Major progress has been made in Japan over the past year, but much more will likely be made in the coming 12 months. It should not be forgotten that Prime Minister Abe has only been in power since December 2012 and Central Bank Governor Kuroda since April 2013. Moreover, reform was never going to be easy or immediate, and some setbacks inevitable. Doubters should remember that business confidence (measured by the Tankan survey) stands at its highest in six years, and this is particularly crucial given the impending season of wage negotiations. Several major companies including Hitachi, Honda, Nomura and Toyota have all already signalled planned increases of 5-8% and if such packages become widely implemented, then Japan stands a serious chance of generating tangible inflation. Average wages in the country have not increased for fourteen years and so the psychological impact of such a development should not be under-estimated. Furthermore, a virtuous circle effect could be created should we see further monetary easing and/or structural reform.

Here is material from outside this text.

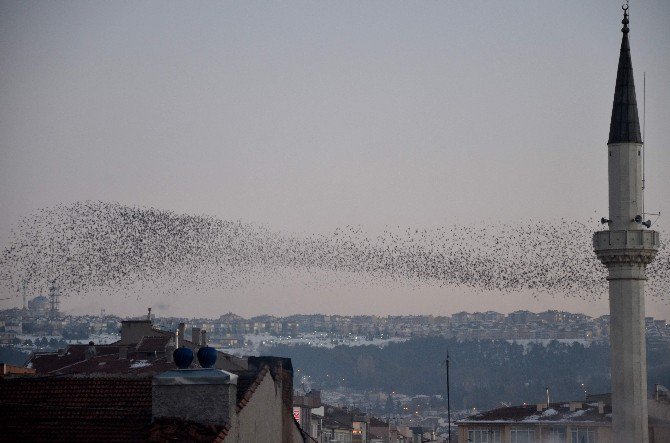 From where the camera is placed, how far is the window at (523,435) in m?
97.9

In contrast to Japan, a number of emerging economies appear to have entered a vicious circle driven by falling growth, rising interest rates and an exodus of foreign capital. US tapering and a higher Dollar may also compound these effects. However, after three years of emerging market underperformance relative to developed markets, there is an increasingly compelling valuation case for the former, particularly given both current valuation disparities and structural growth arguments. There is always a danger in generalising about emerging markets, but it would seem clear that those with more mature and credible business models based less around exports and more around the domestic consumer could prosper. Against this background, nations such as Brazil, India, Indonesia and Turkey (all of which also face electoral uncertainty in 2014) look less well placed than the countries of Eastern Europe as well as Korea and Mexico. Stock-picking will again be crucial in this region, as it will likely be globally for the months ahead.